Problem to solve: The whole listing should come back exactly as written, except for the pictures.

Extracted material:
§ §

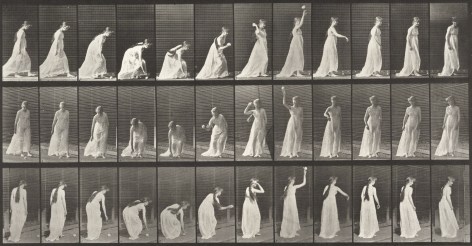 Series of black and white photographs showing he motions of a woman in 19th century dress picking uo a ball and throwing it.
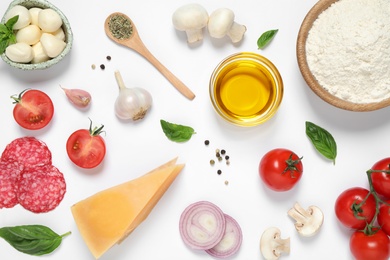 Flat lay composition with fresh ingredients for pizza on white background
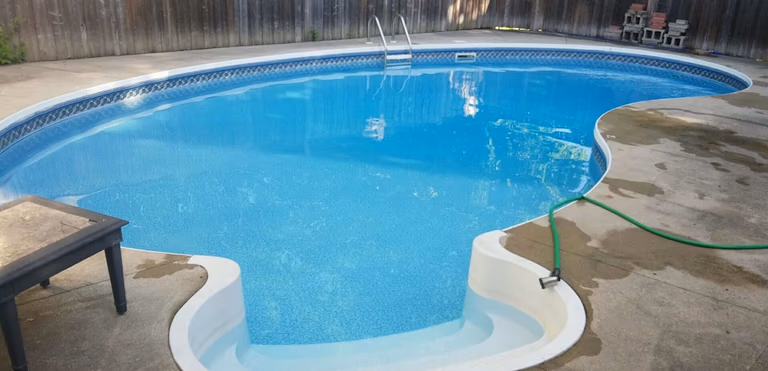After renovation photo of a fully restored backyard swimming pool in Toronto. The new bright blue liner, clean water, and resurfaced edges highlight the professional pool transformation from old and damaged to modern and inviting. Expert pool renovation by local Toronto specialists.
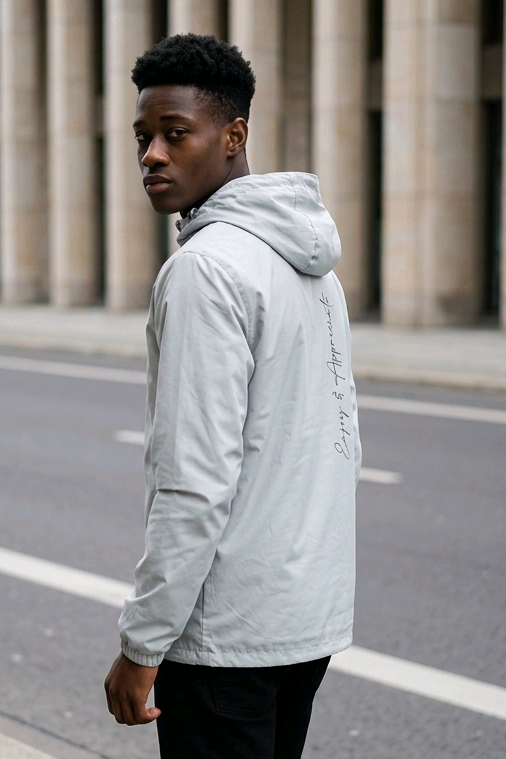 Light gray lightweight hoodie sports jacket showing the back with a subtle handwritten script design on fabric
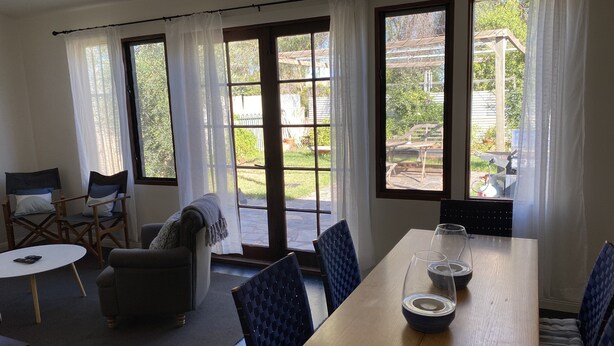 Un comedor con mesa de madera, sillas y vistas al jardín trasero a través de ventanas amplias.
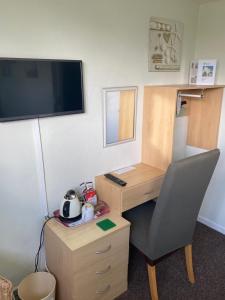 a room with a desk and a chair and a tv at White Heather Guest House in Mablethorpe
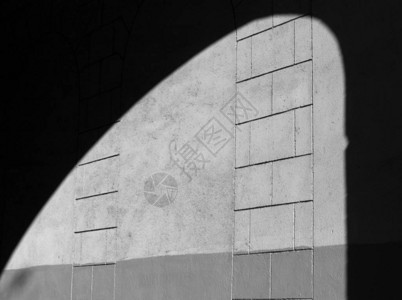黑色和白色石膏彩色墙壁纹理上的拱形阴影图片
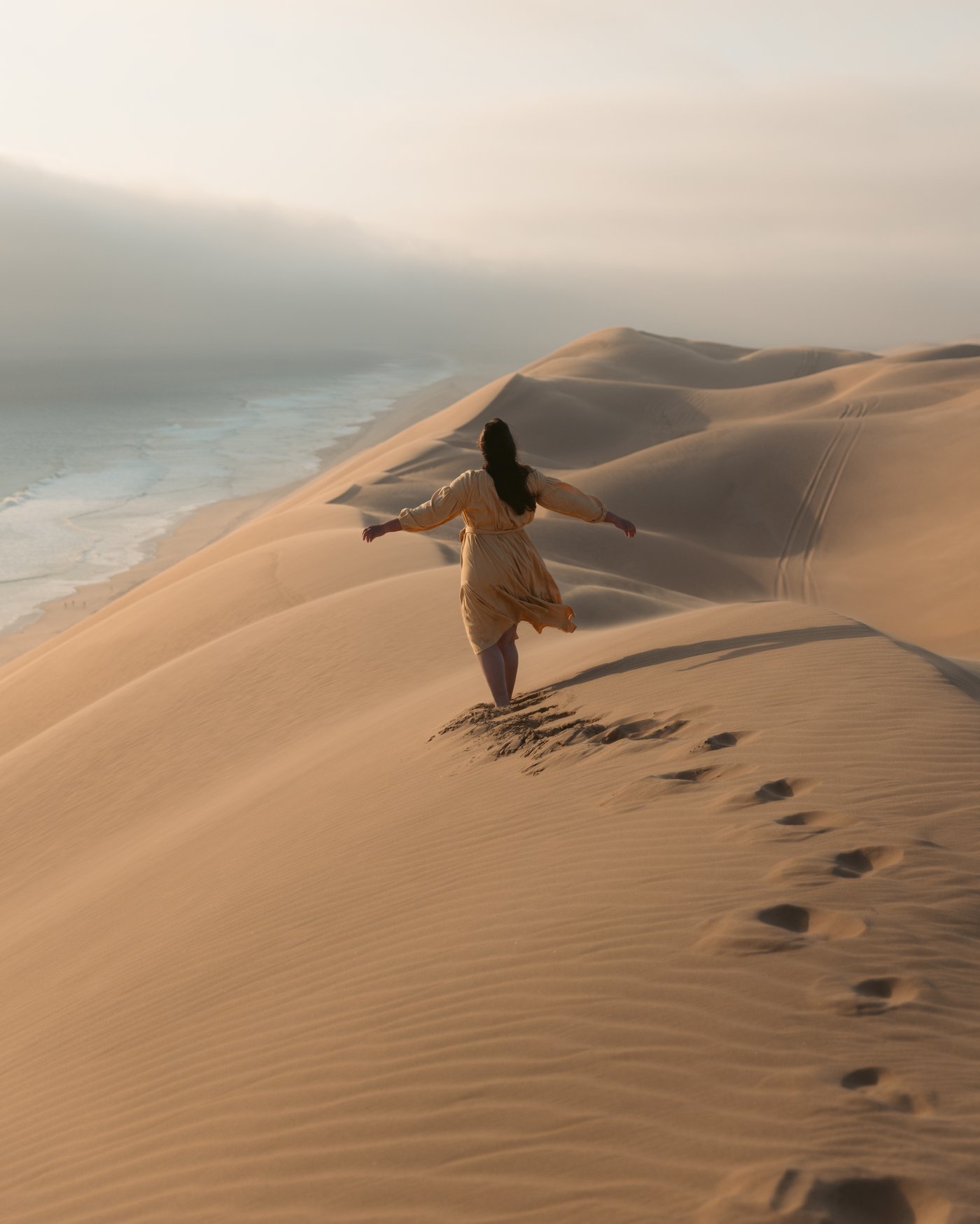 Emma standing on a coastal sand dune above the Atlantic Ocean near Swakopmund, Namibia, arms outstretched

§ §

Response area:
 Series of black and white photographs showing he motions of a woman in 19th century dress picking uo a ball and throwing it.
 Flat lay composition with fresh ingredients for pizza on white background
After renovation photo of a fully restored backyard swimming pool in Toronto. The new bright blue liner, clean water, and resurfaced edges highlight the professional pool transformation from old and damaged to modern and inviting. Expert pool renovation by local Toronto specialists.
 Light gray lightweight hoodie sports jacket showing the back with a subtle handwritten script design on fabric
 Un comedor con mesa de madera, sillas y vistas al jardín trasero a través de ventanas amplias.
 a room with a desk and a chair and a tv at White Heather Guest House in Mablethorpe
黑色和白色石膏彩色墙壁纹理上的拱形阴影图片
 Emma standing on a coastal sand dune above the Atlantic Ocean near Swakopmund, Namibia, arms outstretched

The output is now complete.